I've done a few of the tests at Project Implicit, and each time the results have been inconclusive or I seem to show no preference. I've been skeptical of their tests [but haven't taken the time to deconstruct them], seeing as how I'm pretty much ambidextrous, but most of the population, being pretty much right-handed, also seem to get measured as having implicit biases. So, what I'd like to see is their results broken down by handedness of the participants.
However, like I say, until recently I didn't care enough to do something about it. Then I saw this:
Now, I don't know Nicholas Kristof from Eve's house cat, but I would have bet he's one of the least racist persons on the face of the planet. So I decided to take a closer look at this 'test.'
It's another one where I thought handedness might figure into the result, so after going through the test the first time as instructed --- right hand shoots, left hand holsters the gun --- I went through it a couple more times: shooting all 100 the next time through, and not-shooting all 100 the third time through.

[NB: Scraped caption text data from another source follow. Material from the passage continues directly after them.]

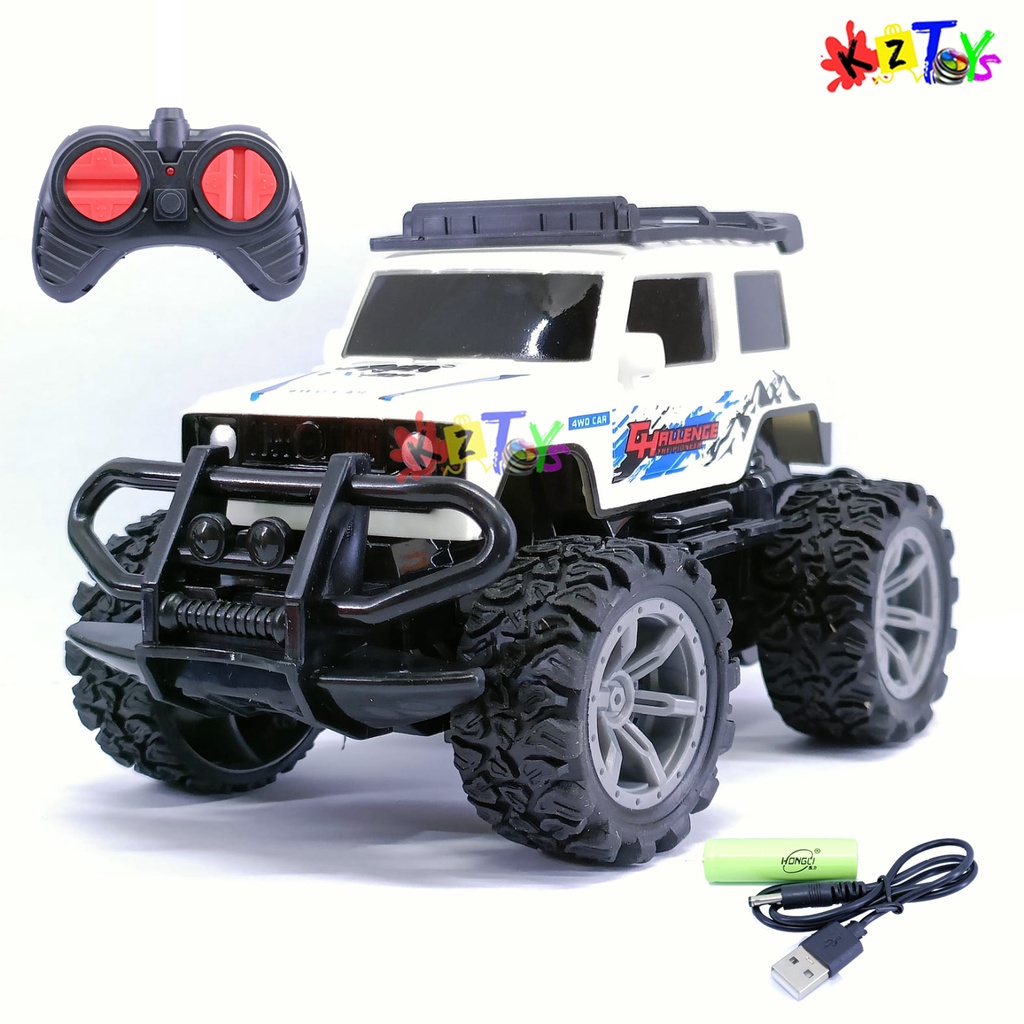 MOBIL RC JIMMY ASAP OFF ROAD TURBO SKALA 1:32 RC OFFROAD SPRAY BATERAI CHARGER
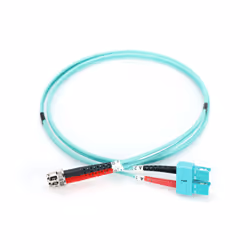 Digitus Câble de brassage multimode OM 3 à fibre optique, ST / SC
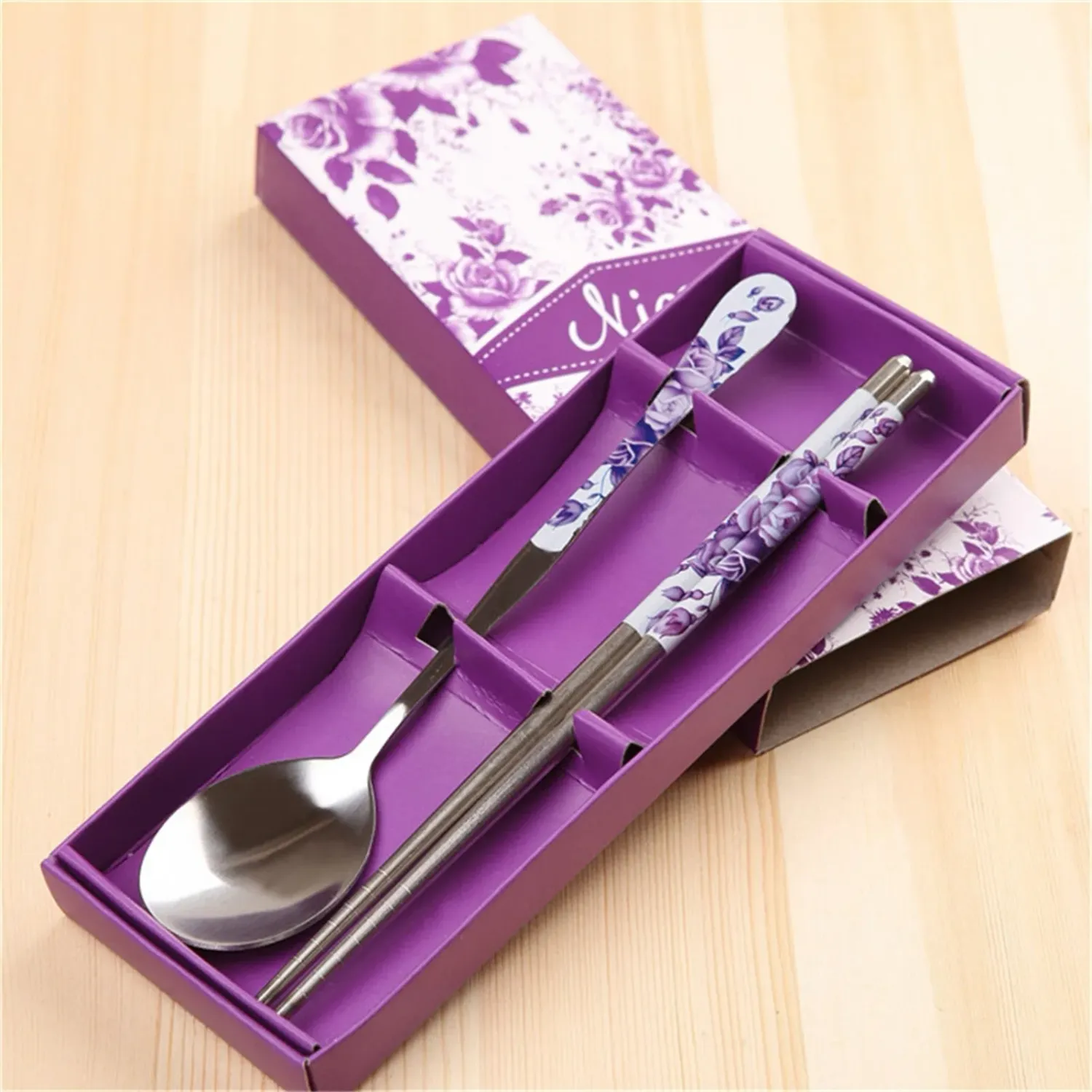 Japon style Baguettes Japonaises Inox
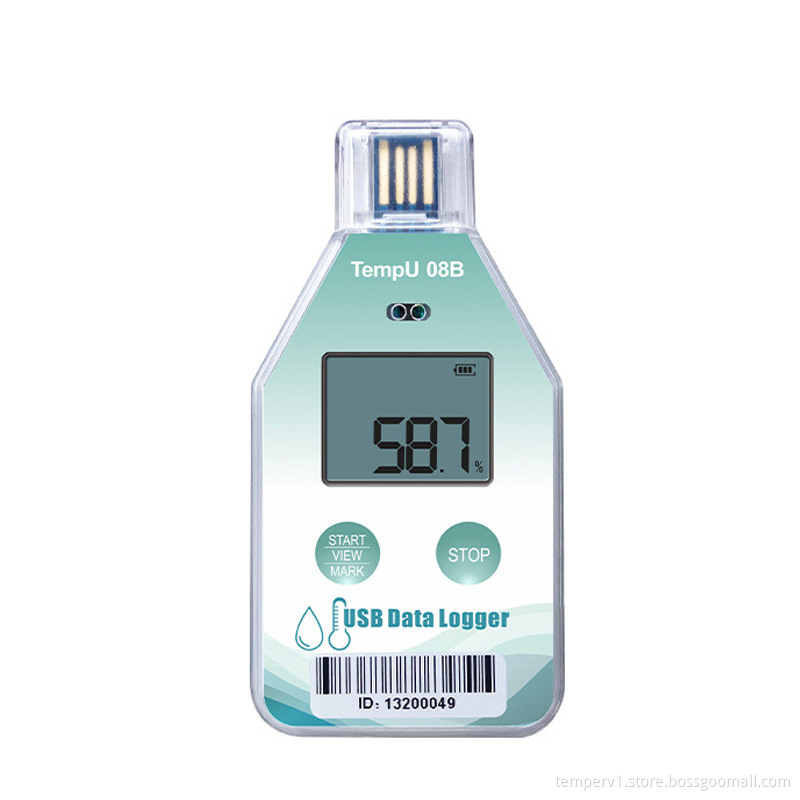 Tempu08 Single Use USB Temperature Data Loggers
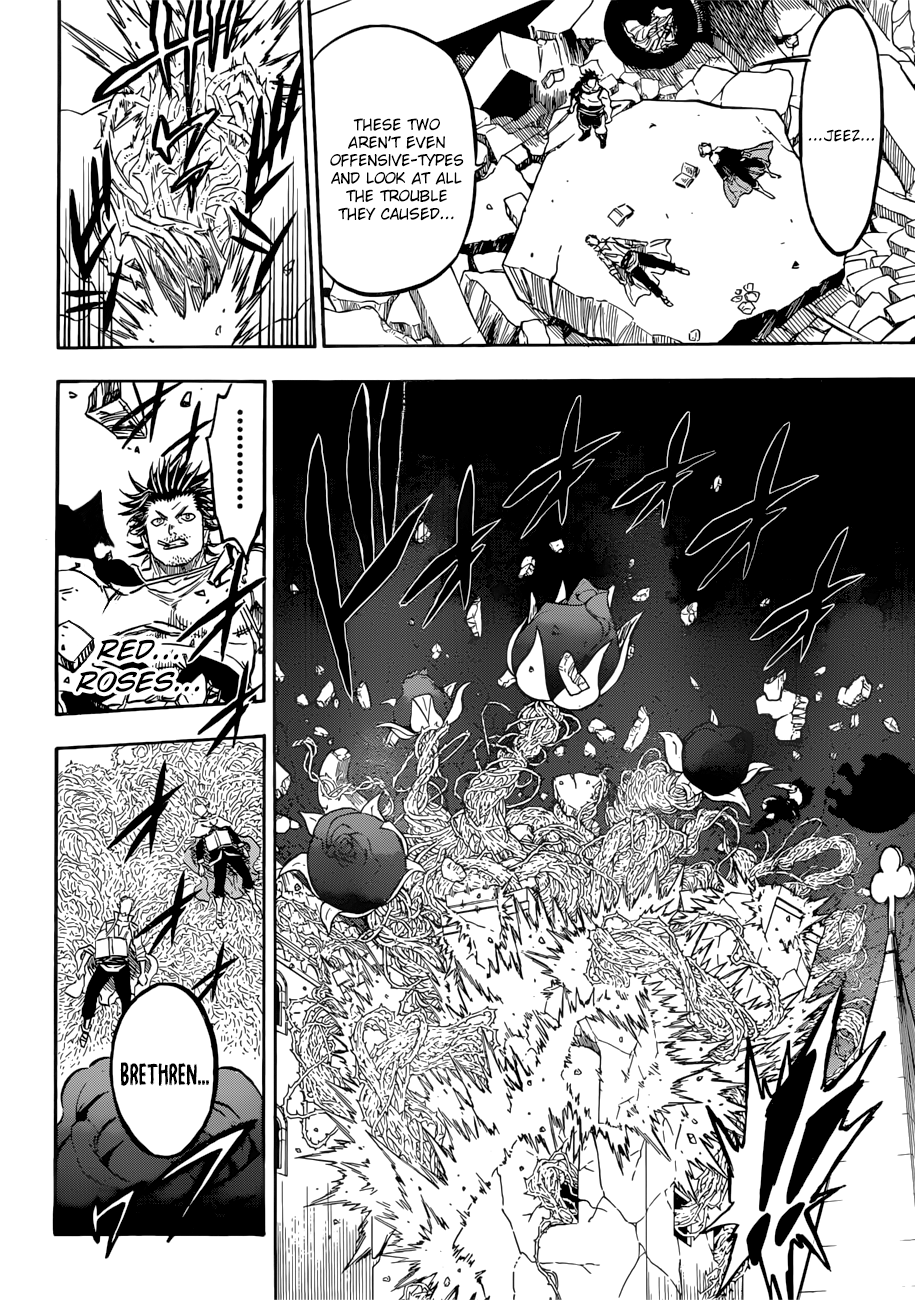 Black Clover, Chapter 168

Both of those two trials, instead of reacting as quickly as possible, I did two things: looked only at the hands [no faces], and waited until I was sure what the object was before hitting the key.
All 3 times I had roughly the same results as Kristof, but after studying the images a little more closely, I'm convinced that the designers of that test need to re-evaluate their images. It looks to me like [and I saw a similar comment in that huge thread on Kristof's blog]
the images of blacks holding guns are readily apparent as such and the images of whites holding not-guns are just as readily apparent, but the images of blacks holding not-guns and whites holding guns are more difficult to decipher.
I'd like to see somebody do a rigorous test of that possible confounding variable before labeling another huge chunk of us as implicitly racist.